= YOUR TASK =
Below are the records; give again exactly the lines from the one containing "532 42nd St, Oakland, CA 94609" through the one containing "أعضاء مجلس الإدارة", leaving out pictures.

Top of TASK INPUTS

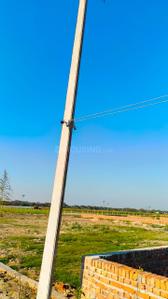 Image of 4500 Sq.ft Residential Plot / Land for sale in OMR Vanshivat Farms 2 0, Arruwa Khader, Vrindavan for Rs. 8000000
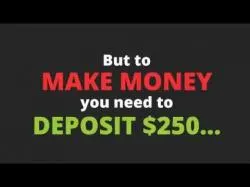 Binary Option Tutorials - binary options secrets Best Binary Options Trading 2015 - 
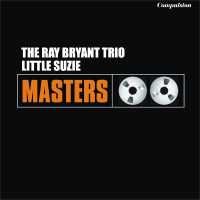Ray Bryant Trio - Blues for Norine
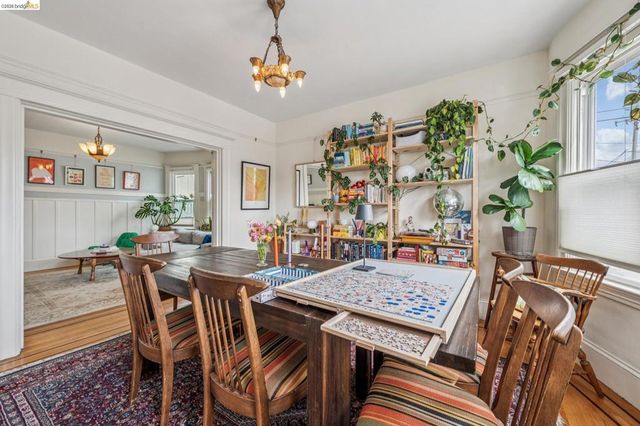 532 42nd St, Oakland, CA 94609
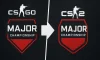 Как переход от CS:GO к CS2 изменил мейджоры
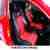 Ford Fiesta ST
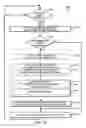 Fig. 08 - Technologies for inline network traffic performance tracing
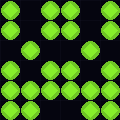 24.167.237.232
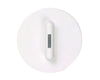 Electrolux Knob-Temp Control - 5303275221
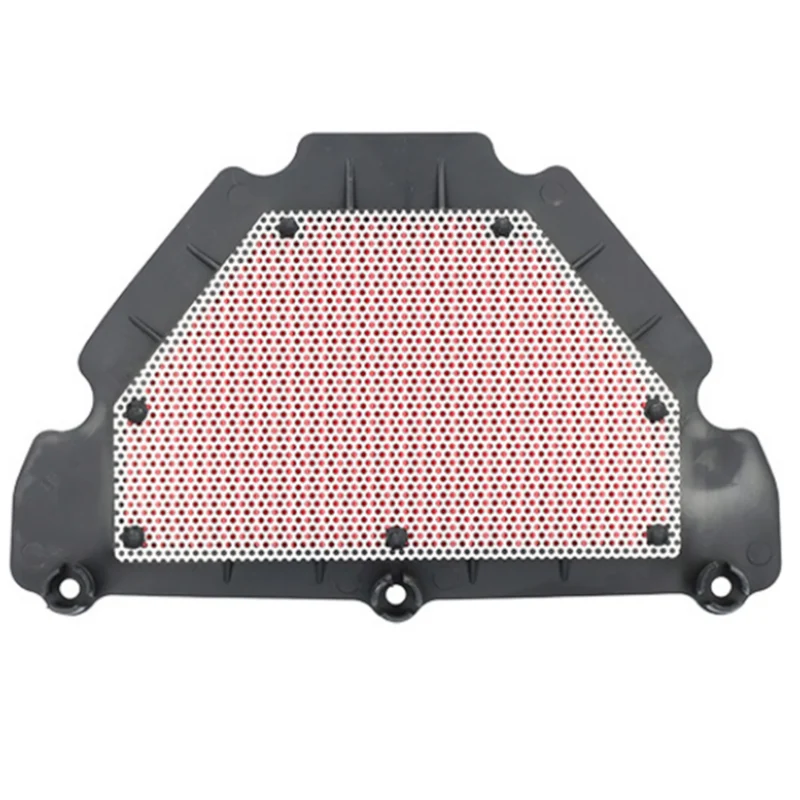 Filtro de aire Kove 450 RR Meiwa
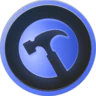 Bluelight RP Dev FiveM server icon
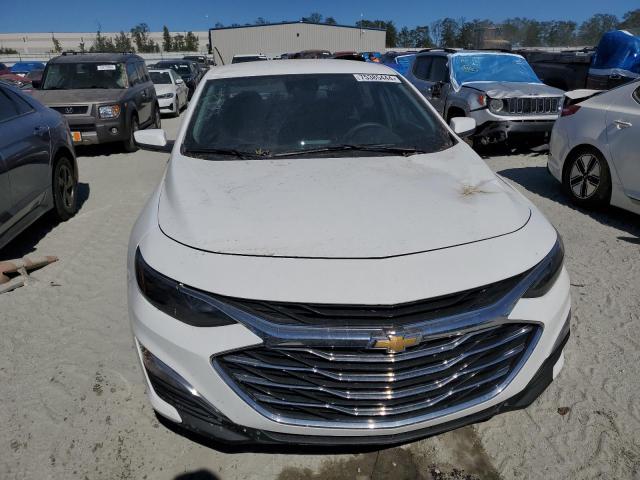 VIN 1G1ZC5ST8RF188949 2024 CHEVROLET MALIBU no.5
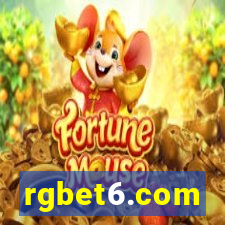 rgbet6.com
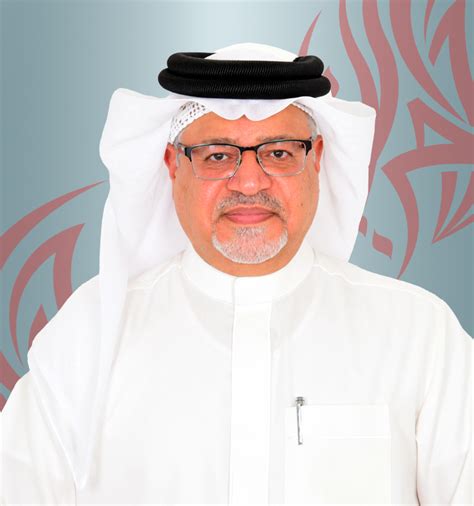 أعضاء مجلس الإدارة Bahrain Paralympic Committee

Bottom of TASK INPUTS
Top of TASK INPUTS

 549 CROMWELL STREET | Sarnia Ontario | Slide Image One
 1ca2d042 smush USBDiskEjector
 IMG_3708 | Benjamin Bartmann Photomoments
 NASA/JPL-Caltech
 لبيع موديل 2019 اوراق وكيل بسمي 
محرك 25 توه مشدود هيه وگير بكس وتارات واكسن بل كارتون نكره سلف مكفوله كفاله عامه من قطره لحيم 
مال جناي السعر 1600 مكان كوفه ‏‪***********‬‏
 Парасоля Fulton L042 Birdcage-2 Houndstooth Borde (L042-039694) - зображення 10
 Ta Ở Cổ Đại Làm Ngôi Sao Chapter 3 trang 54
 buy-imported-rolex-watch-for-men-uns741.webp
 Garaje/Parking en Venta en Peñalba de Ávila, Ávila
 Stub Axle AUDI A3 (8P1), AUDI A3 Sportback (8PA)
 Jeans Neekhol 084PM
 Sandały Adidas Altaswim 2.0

Bottom of TASK INPUTS

= ANSWER SPACE =
 532 42nd St, Oakland, CA 94609
 Как переход от CS:GO к CS2 изменил мейджоры
 Ford Fiesta ST
 Fig. 08 - Technologies for inline network traffic performance tracing
 24.167.237.232
 Electrolux Knob-Temp Control - 5303275221
 Filtro de aire Kove 450 RR Meiwa
 Bluelight RP Dev FiveM server icon
 VIN 1G1ZC5ST8RF188949 2024 CHEVROLET MALIBU no.5
 rgbet6.com
 أعضاء مجلس الإدارة Bahrain Paralympic Committee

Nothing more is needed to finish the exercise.